(Assigned task) Restate the listing below word for word, and leave its pictures behind.

(Data provided)
=====
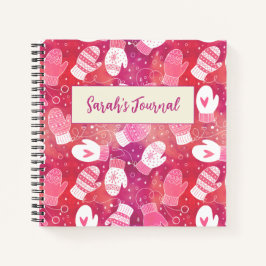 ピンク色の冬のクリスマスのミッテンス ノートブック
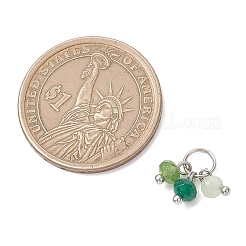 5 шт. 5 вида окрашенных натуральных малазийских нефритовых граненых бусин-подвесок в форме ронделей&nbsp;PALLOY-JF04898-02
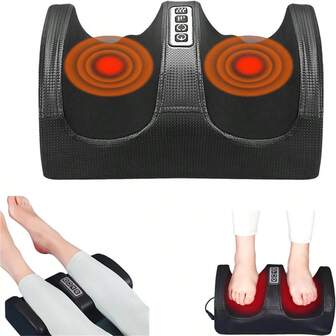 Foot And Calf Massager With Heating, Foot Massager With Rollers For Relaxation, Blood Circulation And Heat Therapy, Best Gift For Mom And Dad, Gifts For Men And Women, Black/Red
=====
(Answer section)
 ピンク色の冬のクリスマスのミッテンス ノートブック
 5 шт. 5 вида окрашенных натуральных малазийских нефритовых граненых бусин-подвесок в форме ронделей&nbsp;PALLOY-JF04898-02
 Foot And Calf Massager With Heating, Foot Massager With Rollers For Relaxation, Blood Circulation And Heat Therapy, Best Gift For Mom And Dad, Gifts For Men And Women, Black/Red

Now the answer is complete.